Jakarta, CNBC Indonesia - China tengah mempercepat modernisasi persenjataan nuklirnya dalam upaya menekan Amerika Serikat (AS) dan sekutu-sekutunya di Asia tanpa harus berperang. Hal ini terungkap dalam laporan terbaru Hudson Institute yang dirilis belum lama ini.
Menurut laporan berjudul "Implikasi Modernisasi Senjata Nuklir China bagi Amerika Serikat dan Sekutu Regional" yang dirilis Rabu (30/7/2025), Beijing memanfaatkan perkembangan senjata nuklir bukan untuk memenangkan perang secara langsung, melainkan untuk menciptakan efek psikologis dan politik guna mendulang keunggulan strategis di kawasan.
"Modernisasi persenjataan nuklir ada untuk memungkinkan China menyerang rencana (strategi) dan sekutu musuh, membawa China selangkah lebih dekat untuk menaklukkan musuh dan menang tanpa harus berperang," tulis para peneliti John Lee dari Hudson Institute dan Lavina Lee dari Macquarie University dalam laporan tersebut, seperti dikutip Newsweek.
Laporan itu menyebut bahwa China menggunakan "ancaman nuklir tersirat" untuk mencegah negara-negara seperti Filipina, Jepang, dan Korea Selatan memperkuat kerja sama militer dengan Washington, khususnya dalam skenario konflik di Selat Taiwan. Dalam kasus Filipina, ancaman nuklir tersirat digunakan untuk menghambat integrasi militer Manila ke dalam sistem pertahanan kolektif AS.

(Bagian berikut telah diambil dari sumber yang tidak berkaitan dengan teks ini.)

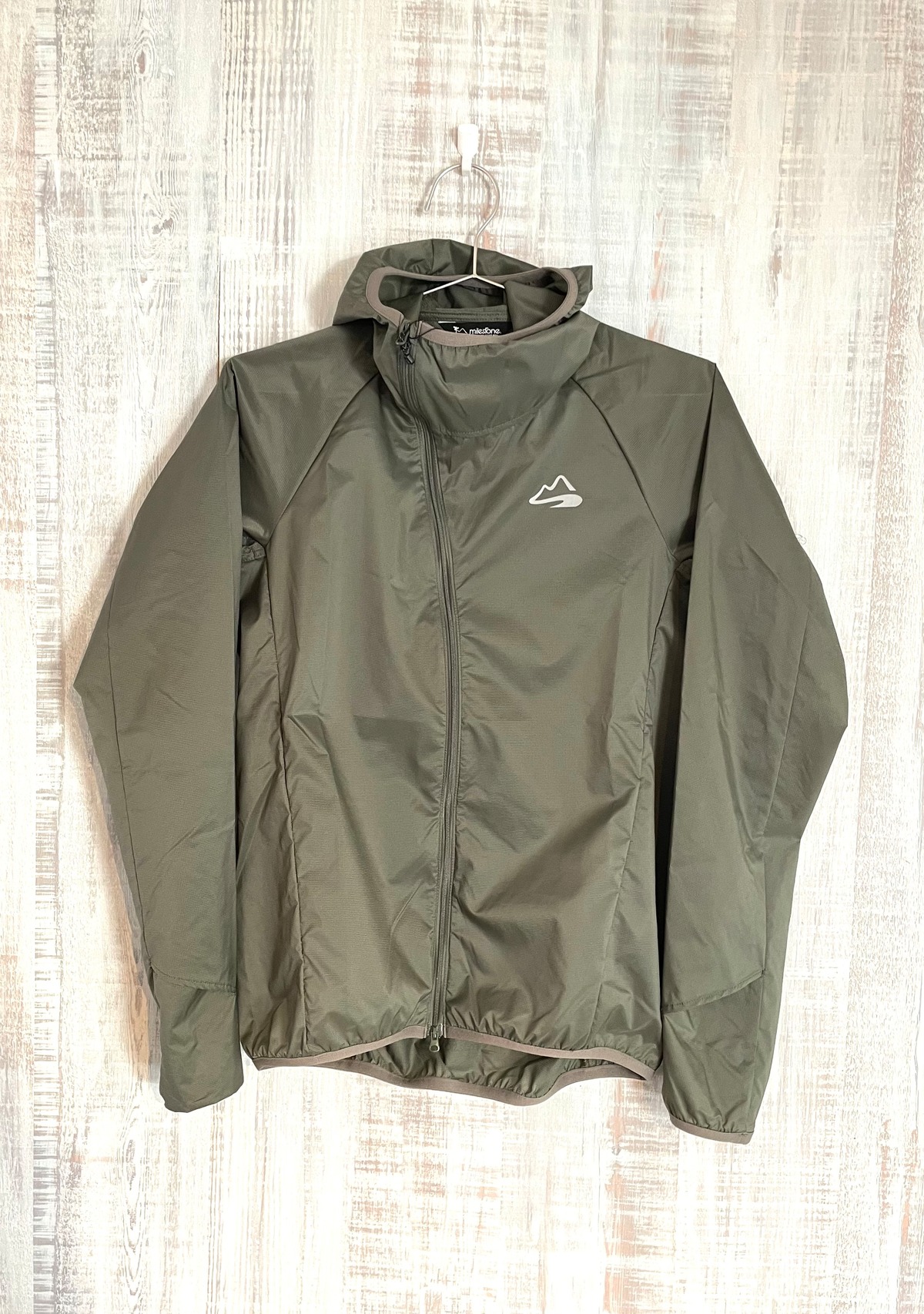 milestone Onion Hoody / マイルストーン オニオン フーディー 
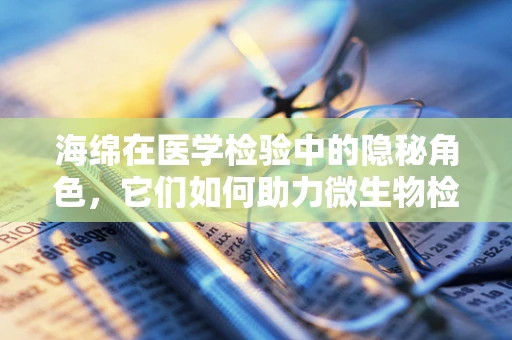 海绵在医学检验中的隐秘角色，它们如何助力微生物检测？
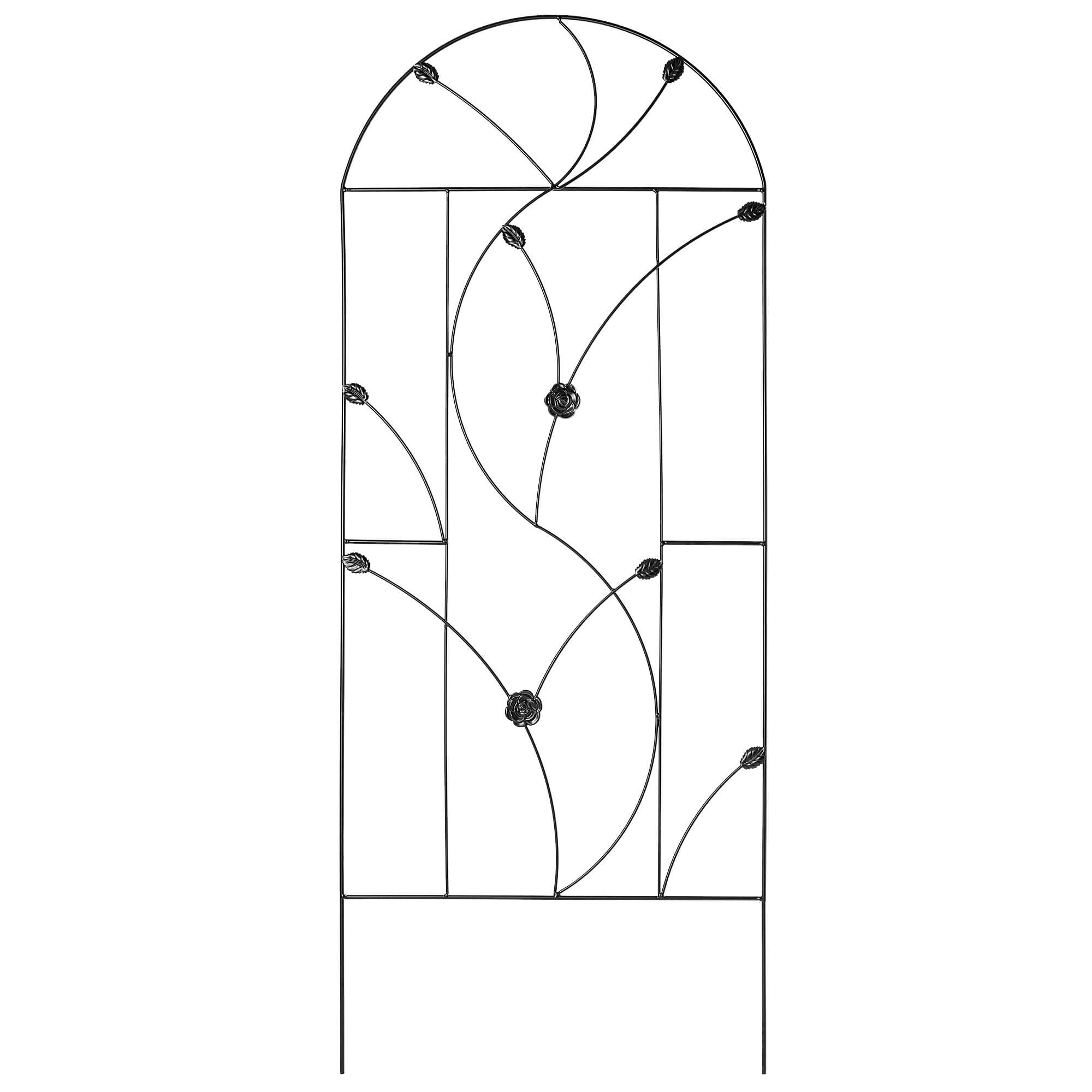 Podpora ogrodowa Unverre 150 x 60 cm róże 1 szt.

Di Jepang, China menciptakan tekanan psikologis yang melemahkan keyakinan terhadap efektivitas payung nuklir Amerika Serikat. Sementara di Korea Selatan, ancaman nuklir China disebut bisa muncul jika Seoul menyetujui kehadiran senjata nuklir AS di wilayahnya, meskipun saat ini fokus utama negara tersebut masih tertuju pada Korea Utara.
Laporan juga menyoroti bahwa strategi nuklir China tidak hanya bertujuan mencegah serangan musuh, tetapi juga untuk menahan langkah musuh sembari memperluas ruang gerak geopolitik Beijing. Konsep ini disebut selaras dengan visi China soal "stabilitas strategis", yakni kondisi ketika musuh enggan bertindak, namun China tetap bisa melanjutkan tujuannya.
Presiden Xi Jinping disebut telah memerintahkan percepatan penguatan kekuatan penangkal strategis sebagai bagian dari modernisasi militer nasional. Data dari Departemen Pertahanan AS dan Institut Penelitian Perdamaian Internasional Stockholm mencatat China kini memiliki sekitar 600 hulu ledak nuklir, naik 100 dalam setahun. Angka itu diperkirakan melampaui 1.000 hulu ledak pada 2030, meski masih jauh di bawah kepemilikan nuklir AS dan Rusia.
Menanggapi laporan tersebut, Kedutaan Besar China di Washington menyampaikan bahwa strategi nuklir Beijing bersifat defensif dan mengedepankan prinsip non-agresif.
"China mematuhi kebijakan tidak menggunakan senjata nuklir terlebih dahulu dalam keadaan apa pun dan kapan pun, dan berkomitmen tanpa syarat untuk tidak menggunakan atau mengancam akan menggunakan senjata nuklir terhadap negara-negara non-senjata nuklir," kata Kedubes China.
Beijing juga menegaskan bahwa pihaknya tidak terlibat dalam perlombaan senjata dan hanya menjaga kekuatan nuklir pada tingkat minimum yang dibutuhkan untuk keamanan nasional.
Laporan Hudson Institute menyimpulkan bahwa modernisasi nuklir China justru bisa menjadi bumerang. "AS dan sekutunya perlu meyakinkan Beijing bahwa langkah tersebut hanya akan mempercepat penyeimbangan kekuatan militer, membuat kemenangan atas Taiwan makin mahal dan kecil kemungkinannya," tulis laporan itu.
Dengan dinamika tersebut, baik China maupun AS serta negara-negara nuklir besar lainnya diperkirakan akan terus memperbarui dan meningkatkan arsenal senjata nuklir mereka dalam beberapa tahun ke depan.